Se puso la chaqueta, que ya había recogido en el amago de la reunión, y me señaló el camino hacia las escaleras. Llegamos al sótano y allí recorrimos varios pasillos entre anaqueles brillantes de humedad arqueados por documentos de variopintas escalas, alineados en una galería de techo artesonado por hileras de canalizaciones. Las enjauladas bombillas teñían de escaso amarillo la pared que las sustentaba. Entre la anterior y la siguiente cinco pasos de ciega sombra ralentizaban mi marcha. No así la de Azurmendi, que a cada nueva luz lo descubría alejarse. Por fin llegamos a una bóveda de ladrillo donde el perfecto silencio destacaba sobre el bullicio editorial del que proveníamos. Las aristas de un cúmulo de cajas me recibieron en una especie de entrada a un laberinto del desorden, y en seguida comprendí que formaban el inicio del almacén de las historias olvidadas. No dudó Azurmendi en localizar la pretendida. Me pidió ayuda por el peso y la depositamos en una mesa pegada a la pared.
—Algunos, unos pocos, confesaron haberse topado con un fantasma —me refirió mientras desplegaba el contenido: viejas y abultadas carpetas que compartían densidad con otras nuevas—. Le encuentro cierto parecido con un retrato de Michelangelo Buonarroti de 1490 —agregó, aún así, me parece un exceso apodarle el Divino. En total somos cuatro, contigo cinco, los que alguna vez nos hemos topado o hemos descubierto su existencia. Por mi parte, aunque lo busco en cada encierro, es mi Nikon, antaño en el cuarto oscuro, ahora en el Mac, quien me lo descubre casual entre el gentío. Como puedes comprobar —añadió, al tiempo que extendía viejas fotos en blanco y negro sobre la mesa, imágenes difusas pero evidentes, de la existencia impertérrita del Divino—, guardo registros del siglo pasado y ya aparece en ellos, pero tú eres la primera persona que confiesa haber tratado con él.
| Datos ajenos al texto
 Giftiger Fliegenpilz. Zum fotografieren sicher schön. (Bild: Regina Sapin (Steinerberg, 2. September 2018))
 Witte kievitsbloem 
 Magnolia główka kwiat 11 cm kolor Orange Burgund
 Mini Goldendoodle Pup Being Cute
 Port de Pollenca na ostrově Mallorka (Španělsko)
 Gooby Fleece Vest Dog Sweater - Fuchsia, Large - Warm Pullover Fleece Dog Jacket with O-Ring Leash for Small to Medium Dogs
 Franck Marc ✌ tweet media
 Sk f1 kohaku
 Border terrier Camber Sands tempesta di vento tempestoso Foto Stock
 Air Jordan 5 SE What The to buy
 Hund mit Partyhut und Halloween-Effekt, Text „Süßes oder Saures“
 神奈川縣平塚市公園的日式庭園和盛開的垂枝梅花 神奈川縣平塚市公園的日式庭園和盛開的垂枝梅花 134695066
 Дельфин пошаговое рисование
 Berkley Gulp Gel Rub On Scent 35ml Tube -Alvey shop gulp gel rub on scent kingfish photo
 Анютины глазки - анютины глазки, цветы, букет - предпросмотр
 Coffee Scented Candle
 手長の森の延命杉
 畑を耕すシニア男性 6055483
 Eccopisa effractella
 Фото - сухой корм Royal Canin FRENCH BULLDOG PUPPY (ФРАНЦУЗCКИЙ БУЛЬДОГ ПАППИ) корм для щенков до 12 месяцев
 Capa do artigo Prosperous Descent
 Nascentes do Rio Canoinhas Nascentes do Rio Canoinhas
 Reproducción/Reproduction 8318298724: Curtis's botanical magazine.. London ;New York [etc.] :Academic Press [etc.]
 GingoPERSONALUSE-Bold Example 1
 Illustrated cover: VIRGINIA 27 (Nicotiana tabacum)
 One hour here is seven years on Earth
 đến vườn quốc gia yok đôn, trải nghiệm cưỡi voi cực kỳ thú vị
—Me acompañó a casa cuando era un crío, eso es todo y es mucho, pues, aunque mantuvo la boca cerrada durante el trayecto, supo llevarme, sin que yo le indicara, hasta la misma puerta de mi vivienda.
Azurmendi se unió a la contemplación de lo allí extendido y al cabo de un minuto comenzó a recogerlo.
—¿Y ahora qué hacemos? —pregunté.
El veterano reportero estiró media sonrisa al tiempo que terminaba de apilar la documentación en la arrugada caja. La elevó de un extremo con lo que me invitaba a que el otro fuera para mí. Y mientras la devolvíamos a su rincón y sacudíamos nuestras manos del polvo adherido, me respondió:
—Nada. No hay nada que hacer.

Y, efectivamente, nada hice al poco de sentir la fría mano que se apoyaba en mi hombro.